Default Ctrl-R reverse-i-search sorts purely by recency, which means that as your history grows, the command you actually want drifts further and further away. McFly replaces Ctrl-R with a small neural network that ranks past commands by recency plus current directory, time-of-day, and historical exit status, surfacing what you're most likely to want right now.

What McFly Does

  • Intercepts Ctrl-R in bash, zsh, and fish.
  • Builds a SQLite database of your shell history with metadata.
  • Scores candidates via a lightweight neural net on each keystroke.
  • Highlights the matching substring and previews directory context.
  • Syncs with standard HISTFILE, keeping native history intact.

Architecture Overview

On shell init, McFly wraps history commands and logs every executed line into ~/.local/share/mcfly/history.db along with cwd, exit code, timestamp. When invoked, a Rust TUI reads stdin each keystroke, re-scores the top-N candidates with a trained model, and prints the selected command back via readline.

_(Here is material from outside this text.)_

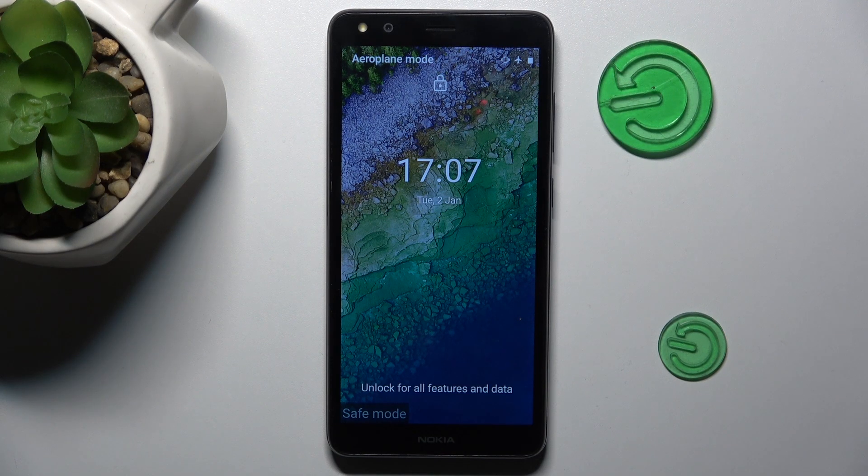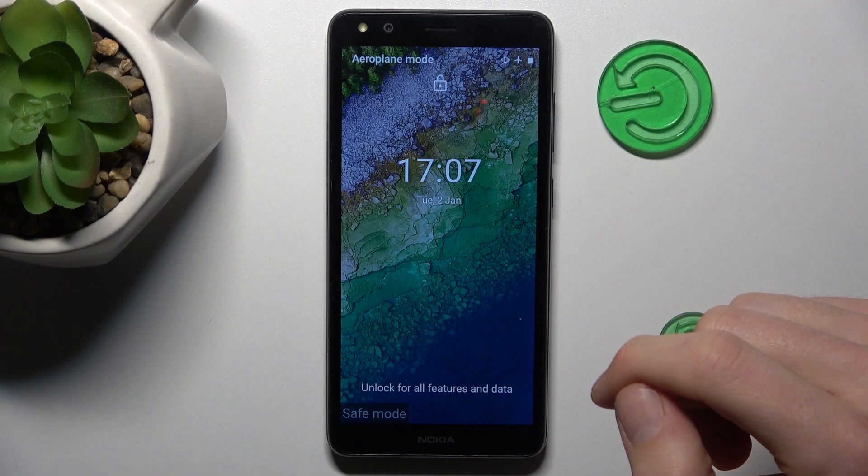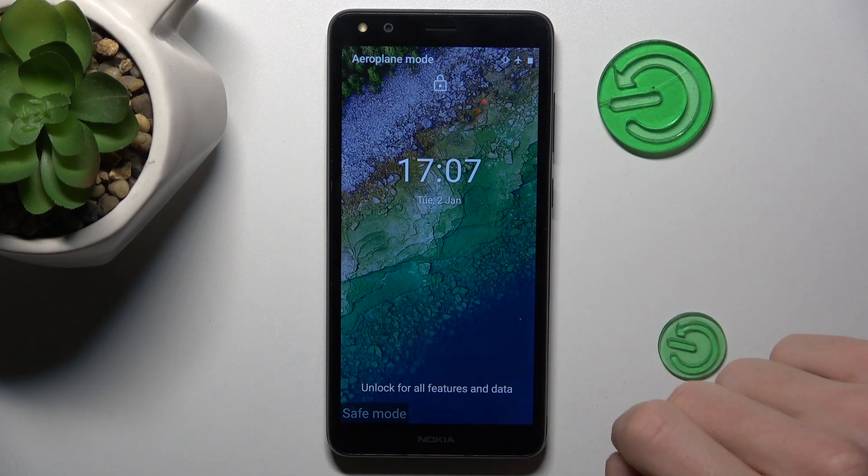Hi guys, welcome to Hard Reset Info Channel. Today I have Nokia C001 Plus and I want to show you how to remove your save mode from this device.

Self-Hosting & Configuration

  • Install via brew, cargo, apt, dnf, or release binary.
  • Database lives at ~/.local/share/mcfly/history.db — portable across machines.
  • MCFLY_RESULTS sets how many matches to show.
  • MCFLY_KEY_SCHEME=vim switches to Vi-style editing.
  • MCFLY_INTERFACE_VIEW=BOTTOM places the TUI at the bottom of the screen.

Key Features

  • Neural ranking uses directory + exit status + age.
  • TUI preview of 10+ candidates, not a single match.
  • Fuzzy substring matching with highlight.
  • Portable SQLite db — rsync your history across machines.
  • No external dependencies; ~5MB Rust binary.

Comparison with Similar Tools

  • Atuin — sync across machines via server; heavier. McFly is local-first.
  • fzf-history — fuzzy but no ranking model, no directory context.
  • zsh-autosuggestions — inline suggestion, not a full search UI.
  • HSTR — C-based ranker; slower startup, less polished UI.
  • bash-preexec + custom — DIY, no ML ranking.

FAQ

Q: Does the neural net run on every keystroke? A: Yes but it's tiny — <1ms per 1000 candidates.

Q: Will it erase my history? A: No. It reads your existing HISTFILE on first run, then appends to both.

Q: Works with fish? A: Yes — mcfly init fish | source.

Q: Can I clear a command from the db? A: Select it then press F2 to delete.